Thursday, October 28
A new sport from the Dutch? Game on!
By Ryan Park ’12
A simple invitation to play korfball, a seeming hybrid of basketball and ultimate Frisbee, became a commitment to something far greater than a sport. Louis Boguchwal ’12, founder of the Hamilkorf Club, tossed me a soccer ball — no, a korfball — one night in the Alumni Gym, and I was soon hooked. I didn’t yet know that korfball is a rare true coed sport, or that it’s played in 57 countries, or that Boguchwal had discovered the game his freshman year at the University of St. Andrews and brought it back with him.
Korfball is a Dutch offshoot of basketball (“korf” means basket in Dutch), played with four men and four women, a ball the size of the one used in soccer, an unusually high hoop (11.5 feet, to be exact), no backboard, no dribbling nor moving with the ball — just passing — and lots of spirit.

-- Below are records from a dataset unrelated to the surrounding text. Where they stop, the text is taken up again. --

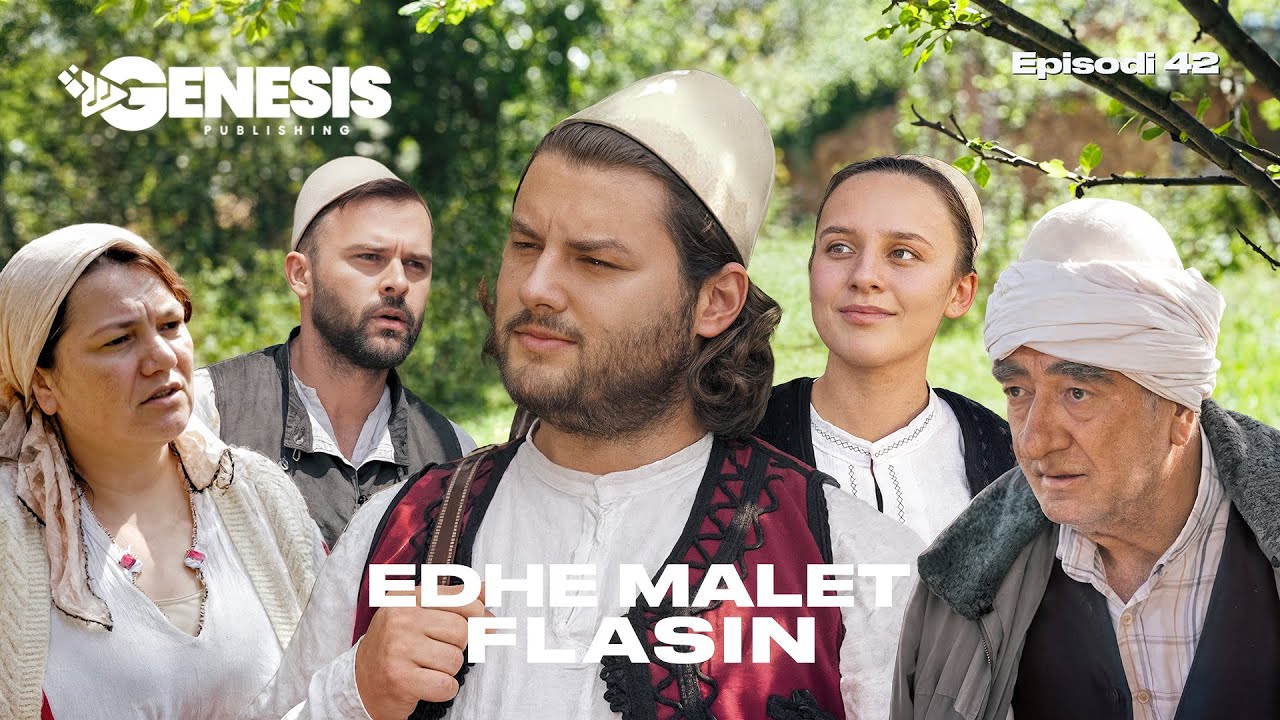 EDHE MALET FLASIN - Episodi 42 (Histori Shqiptare)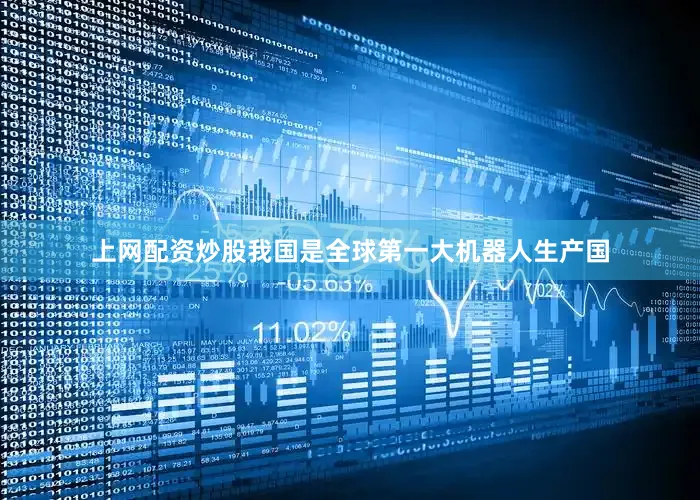 上网配资炒股我国是全球第一大机器人生产国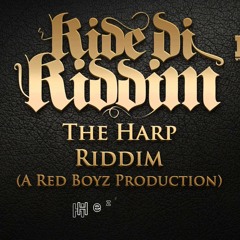 The Harp Riddim Mix [March 2013] A Red Boyz Production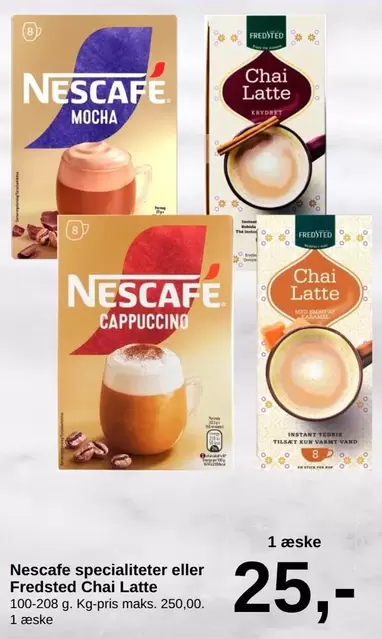 Nescafe specialiteter eller Fredsted Chai Latte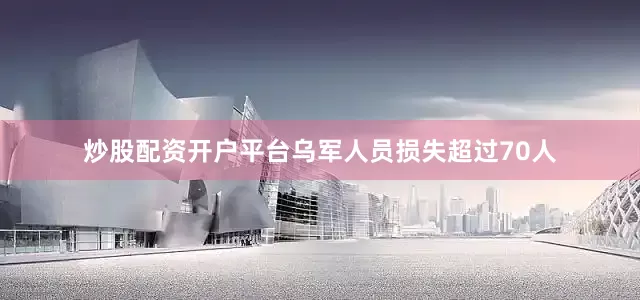 炒股配资开户平台乌军人员损失超过70人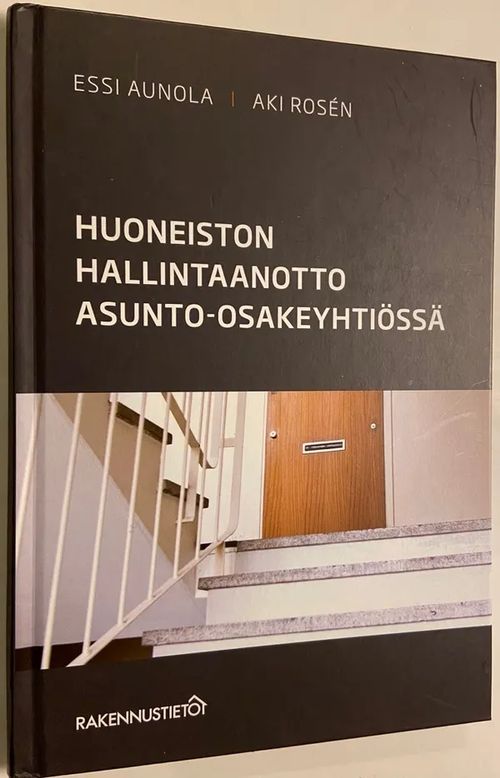 Huoneiston hallintaanotto asunto-osakeyhtiössä - Aunola Essi, Rosen Aki | Antikvariaatti Hämähäkki | Osta Antikvaarista - Kirjakauppa verkossa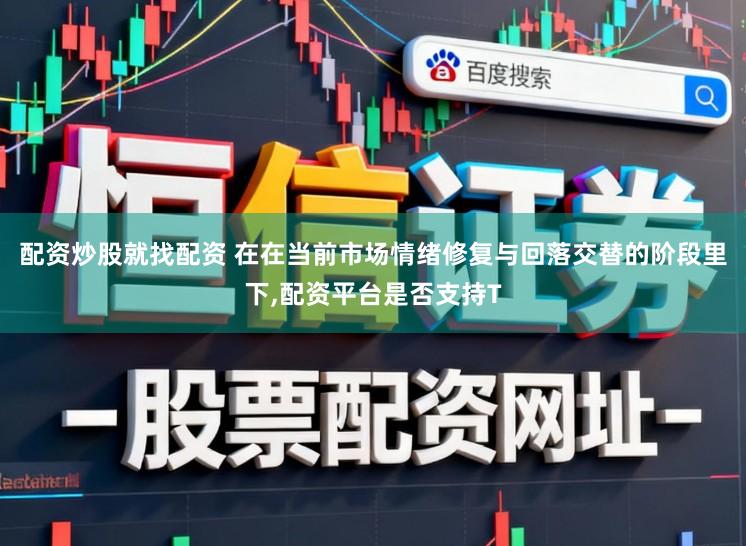 配资炒股就找配资 在在当前市场情绪修复与回落交替的阶段里下，配资平台是否支持T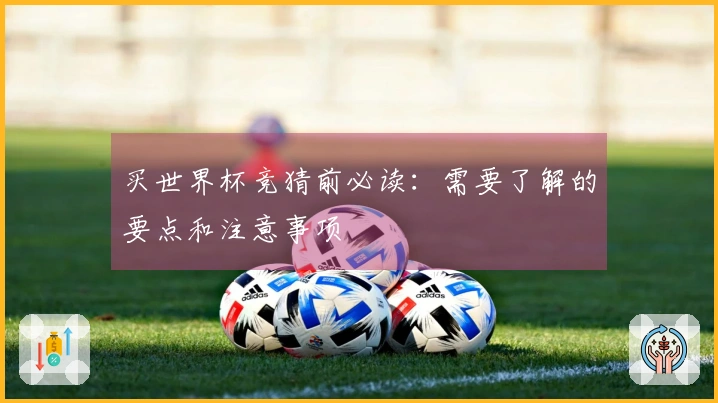 买世界杯竞猜前必读：需要了解的要点和注意事项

That first night, I found the rules baffling and couldn’t find my shooting touch without a backboard. But overnight I became a confirmed “korfer” who couldn’t wait to spread the word. I became immersed in Hamilkorf’s organizational aspects, sitting until 2 in the morning with fellow korfers plotting both practical and ridiculous fundraising schemes for a hypothetical trip to the Netherlands.
Boguchwal had big plans as well, from a Late Nite event to a commercial sponsorship. We talked with U.S. Korfball Federation board members, and we play host to one member, Carl Yerger, who holds a campus korfball workshop this Family Weekend.
As our korf-dreams grow, so does our friendship. And that’s really the object of the game.